Plattform für politische Propaganda
Immer mehr politisch linke Wächter haben aus Wikipedia eine einseitige Informationsquelle gemacht
Werner Olles

Die Internet-Enzyklopädie „Wikipedia“ ist für zahlreiche Nutzer, die sich für historische Persönlichkeiten und Ereignisse oder für Fragen zu Literatur, Kunst und Film etc. interessieren, unverzichtbar geworden. Doch ist die Online-Plattform bereits seit einigen Jahren ins Gerede gekommen, weil sie sich durchaus nicht immer an die Grundsätze ihres Gründers Jimmy Wales hält, der das Online-Lexikon vor rund zwanzig Jahren ins Leben rief und bis heute treuherzig beteuert, man sei „nahezu immun gegen Fake News“.

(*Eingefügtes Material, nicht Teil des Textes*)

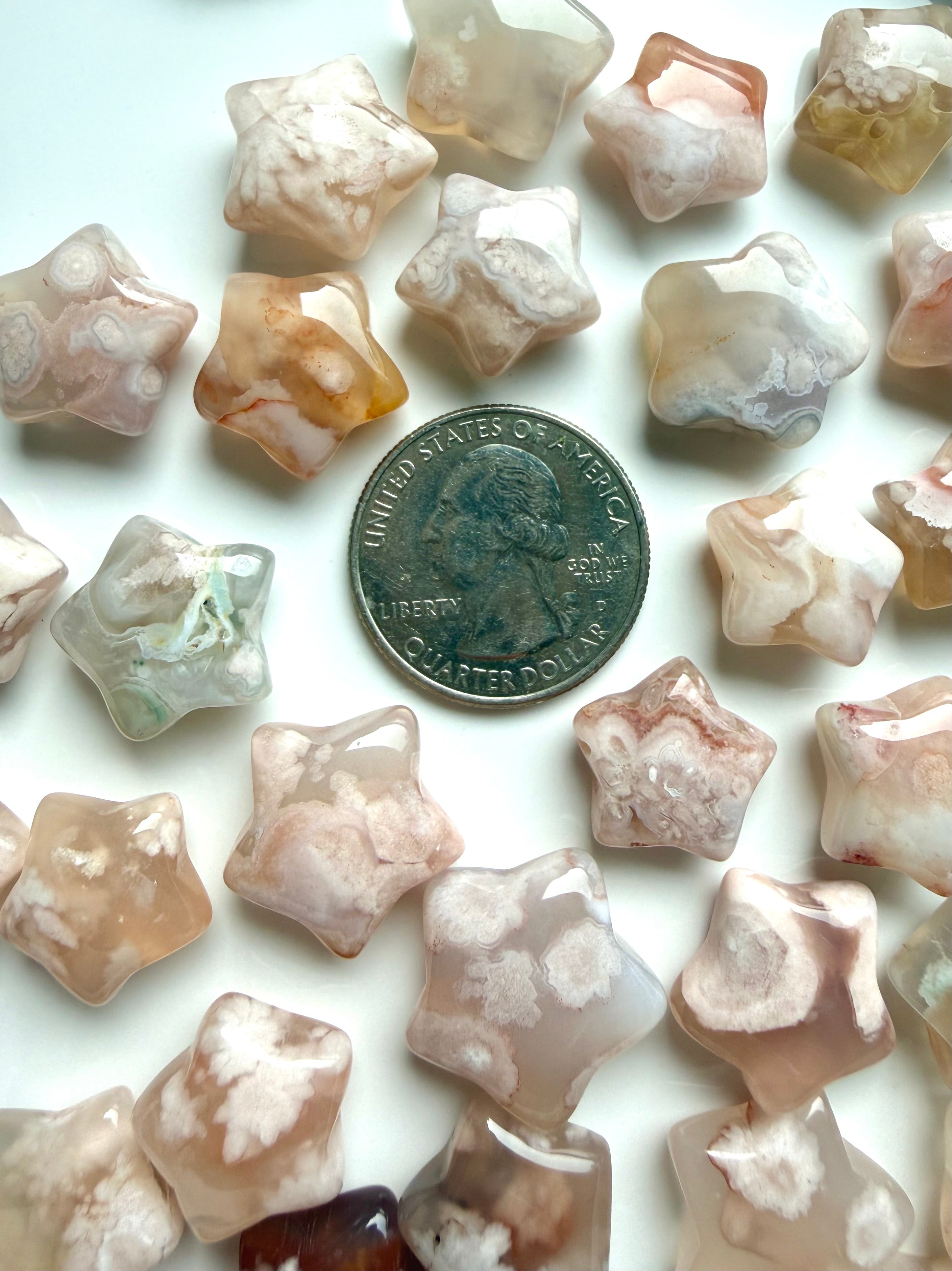 Flower Agate star carvings shown with a US quarter for scale, with creamy pink, peach, and taupe natural inclusions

Das ist in der Tat eine reichlich kühne Behauptung, die zudem von der Wahrheit ziemlich weit entfernt ist, wie der Publizist und Autor Andreas Mäckler als Herausgeber des „Schwarzbuch Wikipedia“ gemeinsam mit einer Reihe weiterer Autoren, Wissenschaftler, Politiker und Kulturschaffender nach akribischen Recherchen und Analysen herausgefunden hat. So finden sich neben wissenschaftlich einwandfreien und objektiv-sachlichen Beiträgen – vor allem aus den Naturwissenschaften, die den Wikipedia-Herren „mangels eigener Kenntnisse verschlossen sind“ (Helmut Roewer) – immer wieder Diffamierungen, gezielte Falschinformationen, Pöbeleien und Mobbing unliebsamer Autoren.

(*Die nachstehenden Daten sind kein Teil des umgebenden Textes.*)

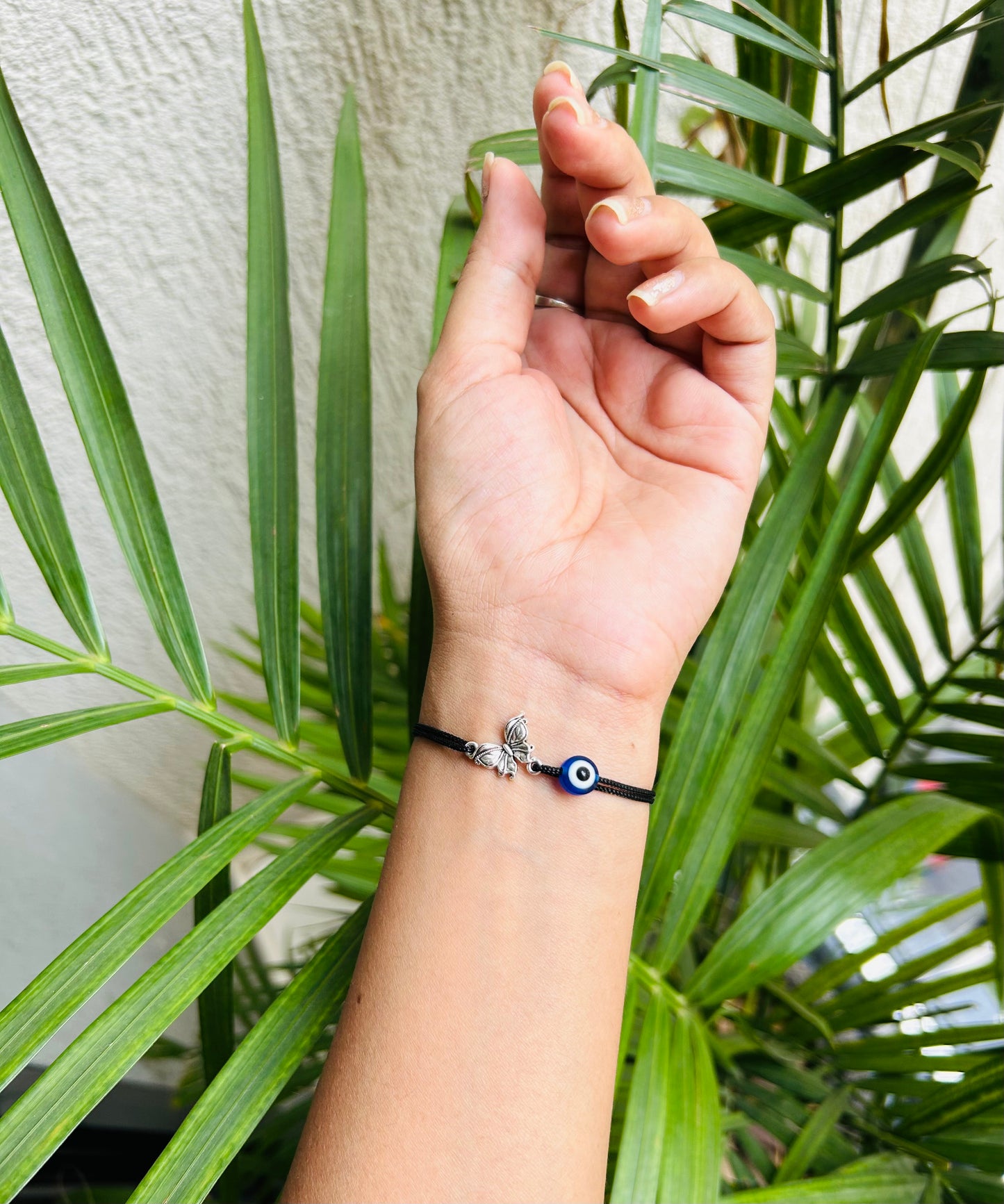 Butterfly with evileye bracelet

So beschreibt der Politikwissenschaftler, Kunst- und Architekturhistoriker und Buchautor Claus Wolfschlag in seinem Beitrag „Eine Enzyklopädie mit politischer Schlagzeile“, daß beispielsweise ein „antifaschistisch“ orientierter und linksstehender Autor wie Andreas Speit neutral als „deutscher Journalist und Publizist“ signifiziert wird, der konservative Journalist Felix Krautkrämer, der Speit und das linke „Duisburger Institut für Sprach- und Sozialforschung“ (DISS) kritisch bewertete, hingegen mit Rechtsextremismus-Vorwürfen konfrontiert wurde.

Nur bedingt eine seriöse Informationsquelle

Tendenziell sei feststellbar, daß rechtsgerichtete Personen und Institutionen in der Online-Enzyklopädie als solche benannt und kategorisiert würden, während dies bei linksgerichteten Personen und Institutionen häufig nicht der Fall sei. Dies betreffe ganz besonders solche Publizisten, die dem „antifaschistischen Milieu“ zugehörten, also im starken Maß in den „Kampf gegen Rechts“ verstrickt seien. Wolfschlags Fazit: „Wikipedia ist nur bedingt als seriöse Informationsquelle anzusehen. Sie hat, auch wenn das die vielen aufrichtigen, kompetenten und gutmeinenden Mitarbeiter nicht gerne hören, nichts mit einer klassischen Enzyklopädie gemein, die üblicherweise von namentlich verantwortlichen Wissenschaftlern zusammengetragen wird. Sicherlich eignen sich die Artikel, um sich schnell über Basisinhalte zu informieren. Ansonsten sind sie aber stets kritisch zu betrachten, da sie zwangsläufig dem Risiko politischer Manipulation ausgesetzt sind“.

Noch einen Schritt weiter geht der ehemalige thüringische Verfassungsschutzpräsident und Schriftsteller Helmut Roewer, der bereits im ersten Absatz seines Beitrags „Das trojanische Pferd“ die These aufstellt: „Durch nichts ist dem seriösen Wissen seit dem Ende des 20. Jahrhunderts so geschadet worden wie durch Wikipedia.“ Eine unbekannte Vielzahl von Torwächtern sorge dafür, daß unerwünschte Einträge ins Wikipedia-Lexikon unterblieben, und gegen deren Entscheidung gäbe es keinen wirksamen Einspruch.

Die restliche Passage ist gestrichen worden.